Battlefield battery Can Be Powered With Pee

Photo via Popular Science In the quest for alternative, small-scale energy producing technology, one company has invented a device that can power electronics with something you’ve been just flushing down the toilet all this time–your pee.

The portable, pee-powered battery, called MetalCell, can create enough of a charge to power a laptop for over four hours. The technology, while seeming to be modern, is actually reminiscent of an electricity producing method used close to 2 thousand years ago.

According to Popular Science, the battery was designed by a South Korean company for military situations where it may be hard to find power for electronic gadgets. It’s small enough to be transported easily and can produce energy to run equipment when no other sources are available.

Aside from urine, the MetalCell can produce electricity with just saltwater. Inside the battery are magnesium plates which react with sodium to generate a small amount of electricity. A report on the MetalCell’s capabilities says the chemical reaction may be a more convenient power generating method other methods are unavailable: The device, known as MetalCell, is a backup power source that runs on sodium and can keep a laptop charged for more than four hours, its maker says.

The design is relatively simple: a small, ruggedized box with magnesium plates inside. If an electrical gadget — anything from a computer to a flashlight — runs out of energy, a soldier on the battlefield could pour saltwater into the MetalCell and use the device as an emergency power source.
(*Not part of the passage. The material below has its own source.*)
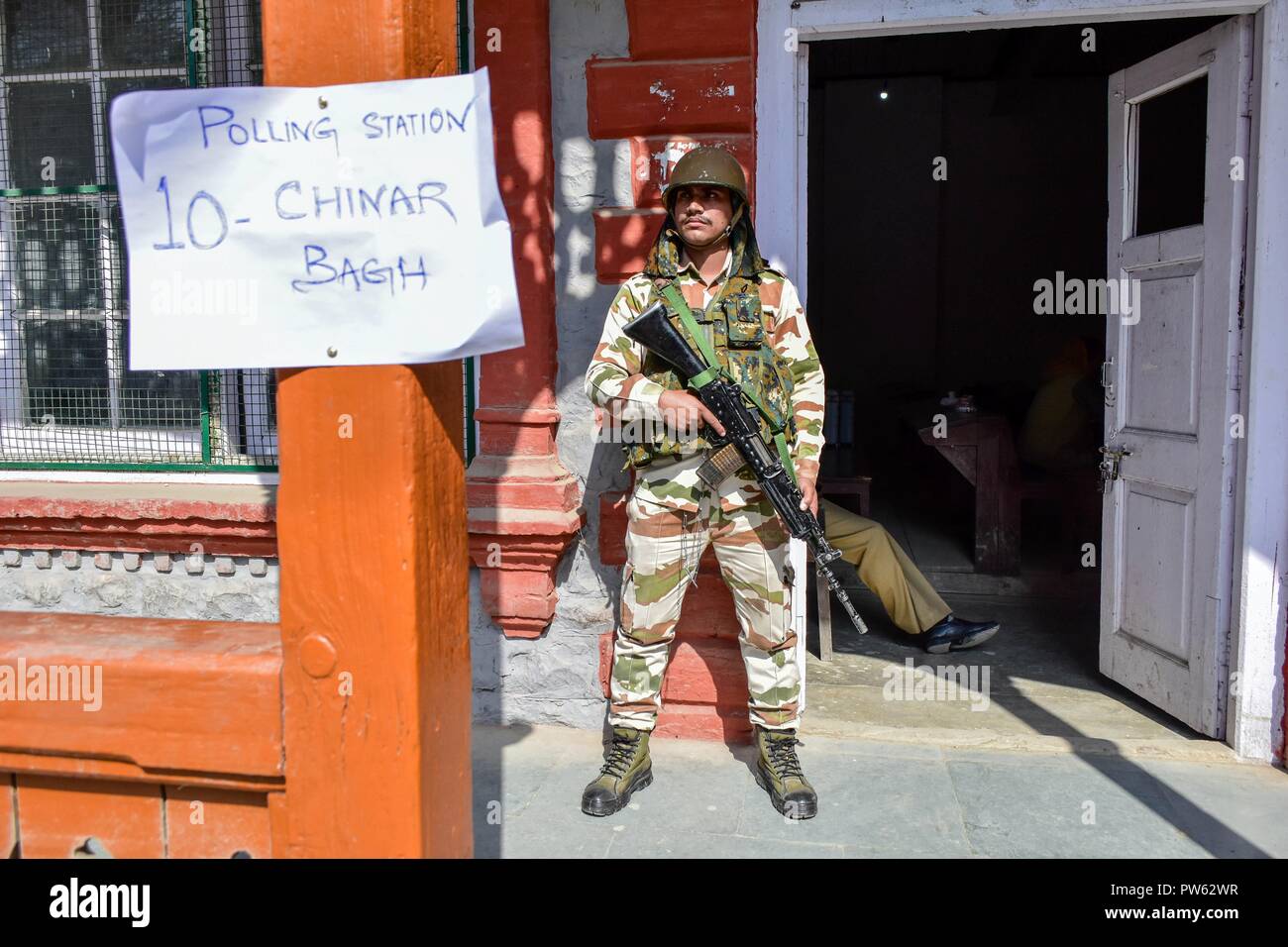 Ottobre 13, 2018 - Srinagar, J&K, India - un soldato di paramilitari avviso sorge al di fuori della stazione di polling durante la terza fase delle elezioni locali in Srinagar, Indiano Kashmir amministrato. La terza fase del Jammu e Kashmir urbano corpo locale elezioni ha cominciato attraverso 300 seggi alle 6 di mattina del sabato in mezzo alle severe misure di sicurezza. Come molti come 365 candidati sono in mischia per le elezioni. Una spessa coltre di sicurezza è stata gettata intorno ai seggi, mentre le forze di sicurezza stanno conducendo dominazione area di esercizi per garantire un incidente-libera elezione, hanno detto i funzionari. (Credito Foto Stock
This method of producing a small amount of electricity resembles technology that dates back to nearly 2 thousand years. An artifact was discovered bearing similar qualities that may have been used to generate low-level voltage.

Known as Baghdad Batteries, terracotta jars were found containing a copper cylinder and an iron rod that some believe could produce electricity when an acidic substance, like lemon juice, was added. Just how much electricity the MetalCell can produce, and how readily available the materials needed to make are, could determine its viability in non-military applications.

While it may not be superior to renewable sources like wind or solar generated power for long term energy needs, this pee-powered device could be an alternative in the future–or for when nature calls.